Pekat lorong berlendir
Jentik-jentik menjadi alas
Para pemuas nafsu na’as
Mengadu hati berharap sakti
Bisa menghasilkan uang sendiri
Mereka buka belahan
Sedikit menyingkap rok bawahan
Menggoda merayap melirik centil
Seperti tak menolak jika akan dihajar kasar
Dengan catatan kantung penuh cetakan bank
Bergeser kea rah seberang
Masih sama…
Di sana hanya cermin-cermin kehidupan yang bernanah
Panjang tak kenal arah
Dan tak tahu kapan berakhir
presentasi menjual diri
WAHYU LANGGENG PRASTIYO, lahir di Grobogan, 10 Juli 1989, mahasiswa Progam Studi Pendidikan Bahasa dan Sastra Indonesia, Jurusan Bahasa dan Sastra Indonesia, Fakultas Bahasa dan Seni, Universitas Negeri Semarang.

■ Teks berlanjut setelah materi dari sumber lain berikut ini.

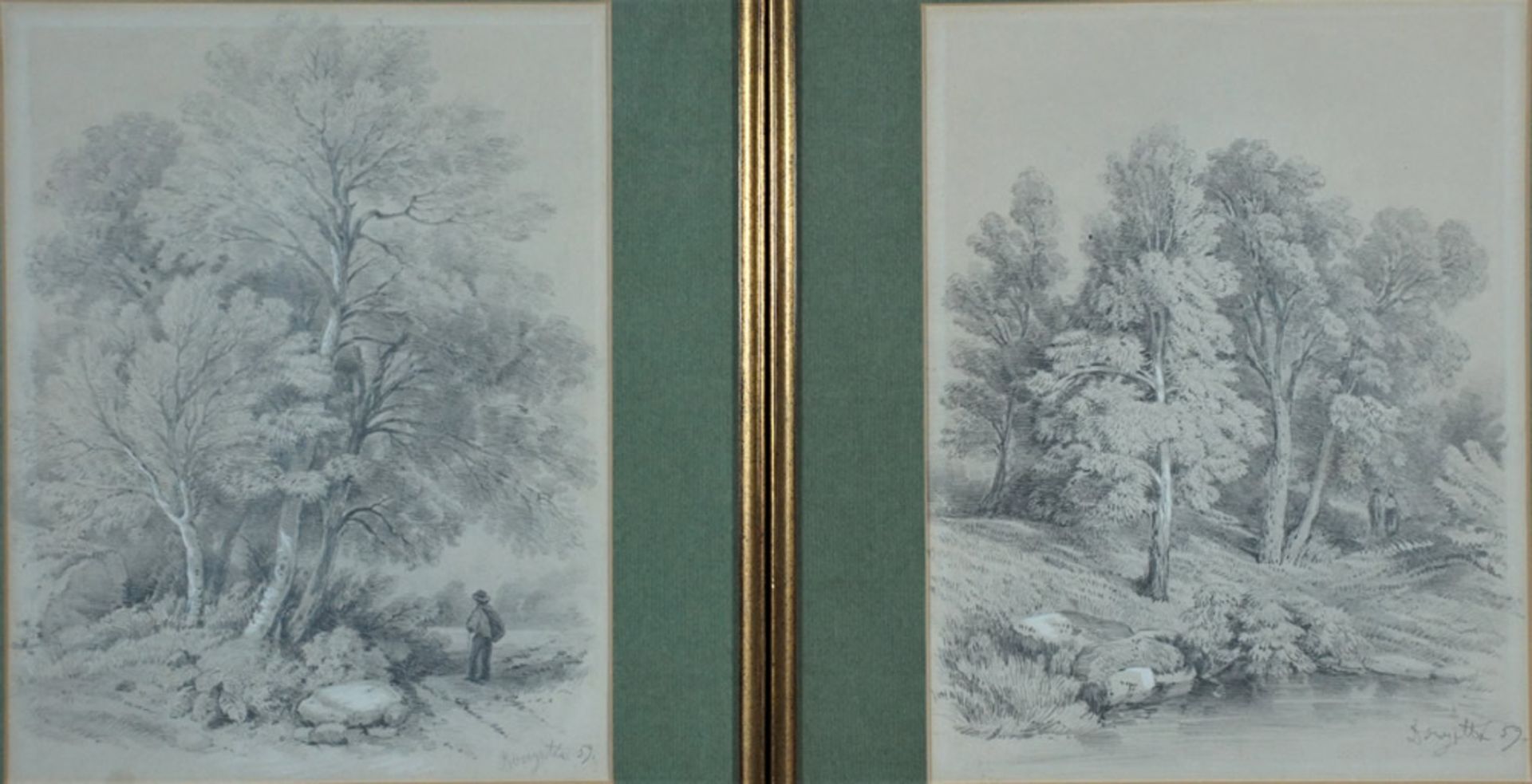Douzette, Louis, 2 Zeichnungen, 1859, Blei, je 30 x 22, sign.Douzette, Louis, 2 Zeichnungen - Image 2 of 3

Pernah menelurkan “Penikmat Malam” Kumpulan Puisi dan “Pesan Suami Liar” dalam Sebuah Antologi Puisi, Cerpen dan Drama sebagai aktualisasi dalam bersastra.
“Pesan Suami Liar” Dalam Kumpulan Puisi Nakal mencoba melebarkan wilayah sastra panutan di Indonesia.